* [Exercise prompt] Each line in the material below, starting at the one that contains "Orange Jacquard Woven Lehenga Choli" and ending at the one that contains "Midi Button Backless Polka Dot Striped Dress", should be repeated exactly; the pictures should not.

* [Working data]

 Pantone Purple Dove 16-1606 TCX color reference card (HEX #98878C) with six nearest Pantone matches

* * *

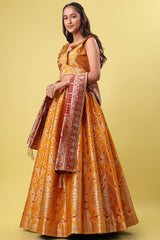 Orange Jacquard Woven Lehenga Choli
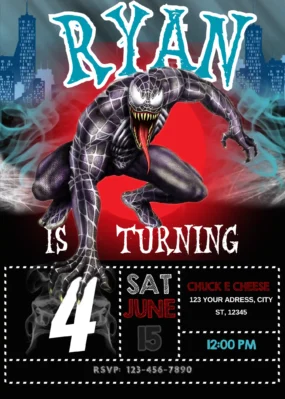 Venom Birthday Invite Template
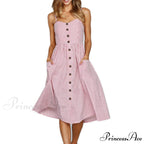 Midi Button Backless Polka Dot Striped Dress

* [Response area]
 Orange Jacquard Woven Lehenga Choli
 Venom Birthday Invite Template
 Midi Button Backless Polka Dot Striped Dress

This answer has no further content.